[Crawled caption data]
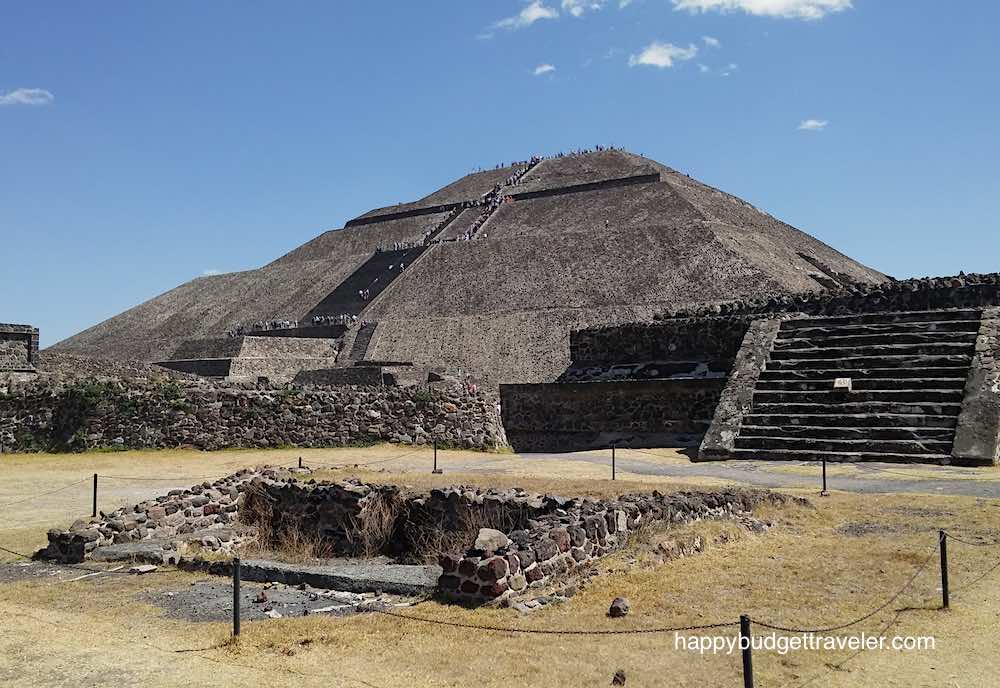 Pyramid of the Sun, Teotihuacan, Mexico City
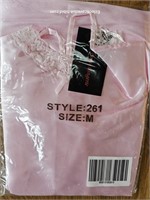 NEW Pink Nightie in Package Small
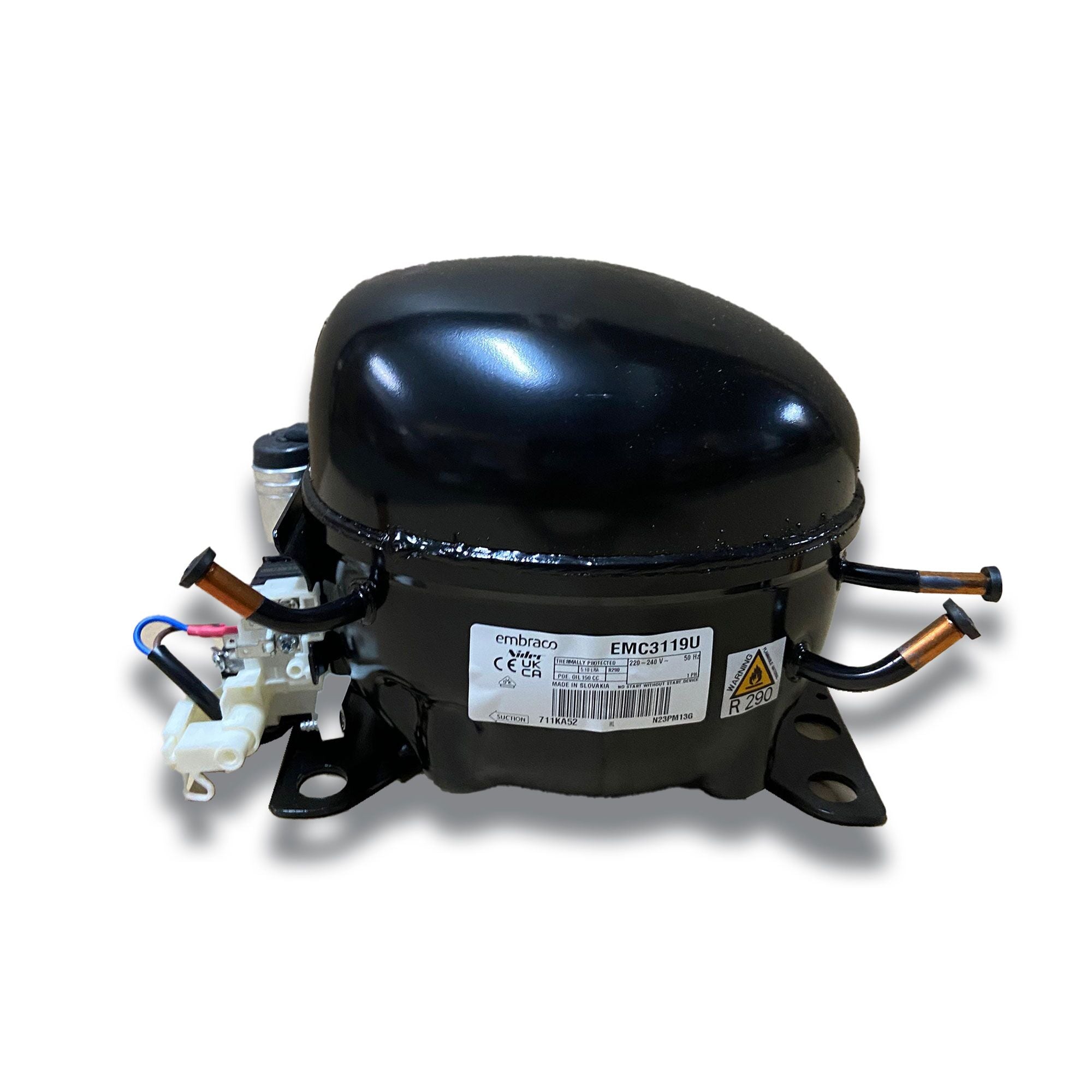 Kompresor - typ Embraco EMC3119U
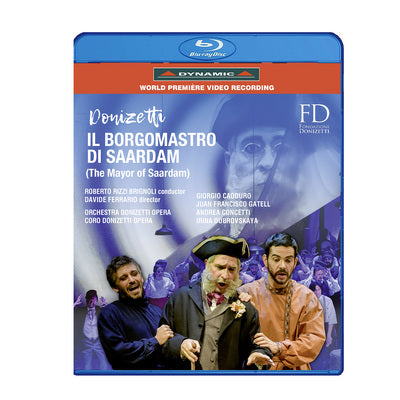 Donizetti: Il borgomastro di Saardam [Blu-ray]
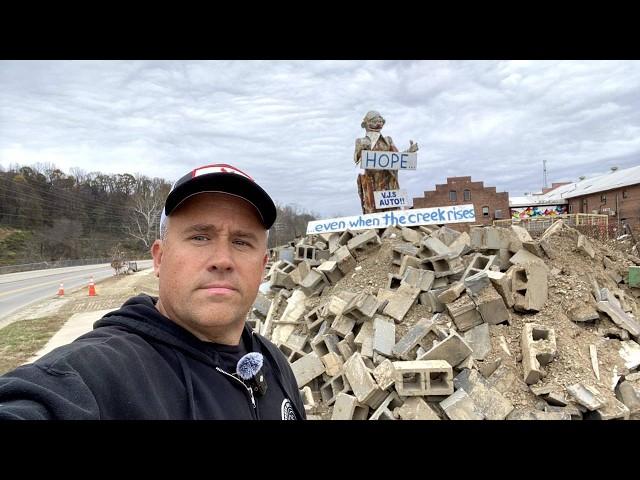 The Aftermath Of Hurricane Helene In Asheville NC | What Does It Look Like Eight Weeks Later?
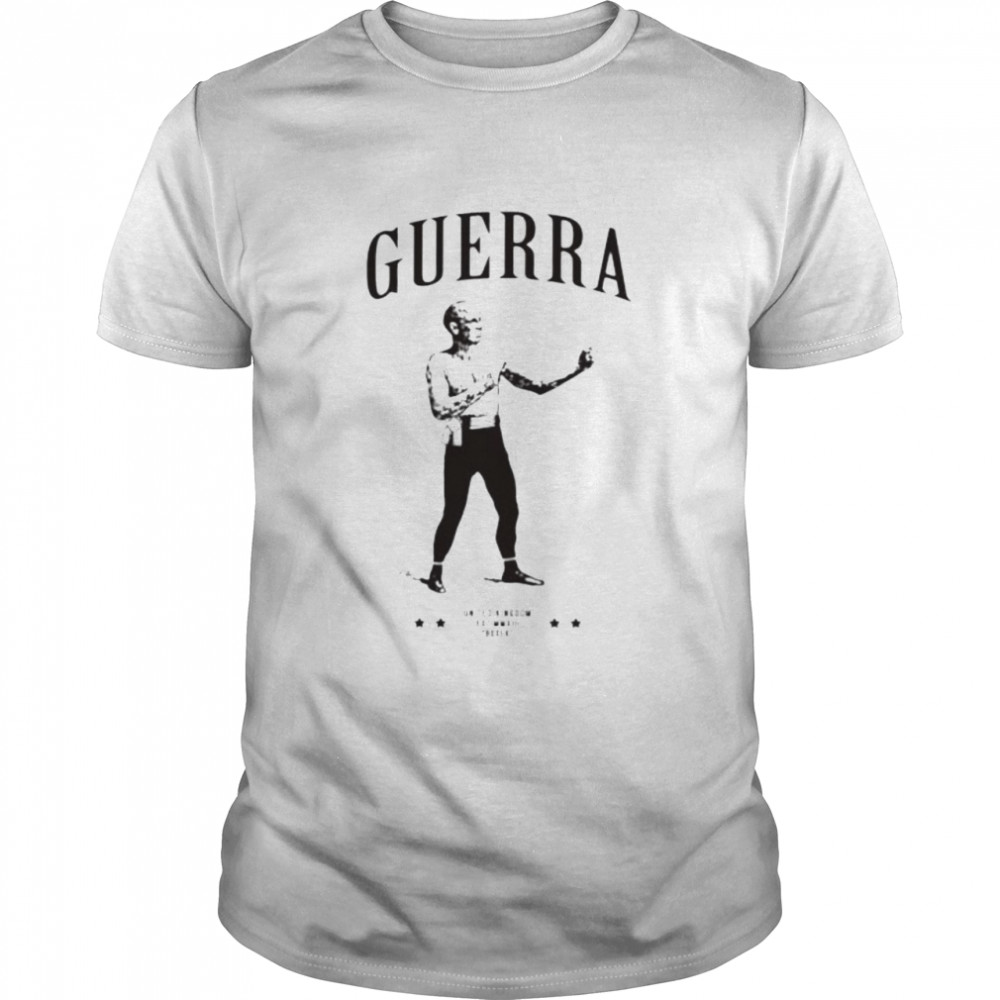 Guerra United Kingdom boxer shirt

→ **TO DO**
Your answer must be the lines from the one containing "Kompresor - typ Embraco EMC3119U" through the last line of the records, copied exactly, with no pictures.

→ **YOUR SOLUTION**
 Kompresor - typ Embraco EMC3119U
 Donizetti: Il borgomastro di Saardam [Blu-ray]
 The Aftermath Of Hurricane Helene In Asheville NC | What Does It Look Like Eight Weeks Later?
 Guerra United Kingdom boxer shirt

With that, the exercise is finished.